Exercise brief:
Set down exactly the lines from the one containing "NC license plate ABB2122" through the last line of the records below, both included, and nothing else.

Brief descriptive captions
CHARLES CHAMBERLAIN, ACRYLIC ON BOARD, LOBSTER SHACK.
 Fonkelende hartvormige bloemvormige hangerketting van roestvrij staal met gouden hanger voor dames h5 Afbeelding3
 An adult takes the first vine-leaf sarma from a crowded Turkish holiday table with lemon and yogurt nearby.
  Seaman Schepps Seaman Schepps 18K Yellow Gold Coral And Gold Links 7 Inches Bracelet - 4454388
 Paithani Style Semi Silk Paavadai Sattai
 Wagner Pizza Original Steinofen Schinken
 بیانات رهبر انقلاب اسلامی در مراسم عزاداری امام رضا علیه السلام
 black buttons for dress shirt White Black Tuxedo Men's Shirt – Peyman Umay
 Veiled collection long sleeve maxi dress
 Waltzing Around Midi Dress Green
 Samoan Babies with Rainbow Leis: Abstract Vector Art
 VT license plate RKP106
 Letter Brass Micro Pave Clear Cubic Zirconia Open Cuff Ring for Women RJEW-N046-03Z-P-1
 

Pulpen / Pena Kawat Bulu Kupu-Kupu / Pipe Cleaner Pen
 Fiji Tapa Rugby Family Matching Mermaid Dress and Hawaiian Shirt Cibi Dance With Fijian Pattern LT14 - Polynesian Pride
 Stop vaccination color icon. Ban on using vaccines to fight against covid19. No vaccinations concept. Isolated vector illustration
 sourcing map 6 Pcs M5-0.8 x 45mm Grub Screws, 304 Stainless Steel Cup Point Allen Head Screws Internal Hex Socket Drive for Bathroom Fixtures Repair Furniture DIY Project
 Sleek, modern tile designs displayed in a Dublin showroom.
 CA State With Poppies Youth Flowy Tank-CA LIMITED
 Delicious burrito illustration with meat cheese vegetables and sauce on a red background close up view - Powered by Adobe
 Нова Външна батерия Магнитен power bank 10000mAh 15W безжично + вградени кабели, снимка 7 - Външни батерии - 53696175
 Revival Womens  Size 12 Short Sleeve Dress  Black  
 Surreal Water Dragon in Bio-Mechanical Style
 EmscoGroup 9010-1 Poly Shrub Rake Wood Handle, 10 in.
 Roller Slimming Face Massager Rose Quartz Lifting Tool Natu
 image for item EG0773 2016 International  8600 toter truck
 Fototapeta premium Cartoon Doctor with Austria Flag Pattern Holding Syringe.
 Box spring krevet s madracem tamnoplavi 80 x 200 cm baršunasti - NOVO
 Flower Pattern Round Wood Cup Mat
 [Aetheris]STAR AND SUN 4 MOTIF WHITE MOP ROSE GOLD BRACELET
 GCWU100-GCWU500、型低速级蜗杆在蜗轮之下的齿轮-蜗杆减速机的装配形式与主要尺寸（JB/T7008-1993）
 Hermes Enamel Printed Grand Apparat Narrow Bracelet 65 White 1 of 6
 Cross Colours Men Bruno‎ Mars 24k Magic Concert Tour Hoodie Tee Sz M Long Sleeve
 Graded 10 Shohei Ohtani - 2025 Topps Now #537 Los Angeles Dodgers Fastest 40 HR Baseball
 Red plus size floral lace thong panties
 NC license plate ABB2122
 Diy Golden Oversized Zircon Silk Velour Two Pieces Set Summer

Result of this exercise:
 NC license plate ABB2122
 Diy Golden Oversized Zircon Silk Velour Two Pieces Set Summer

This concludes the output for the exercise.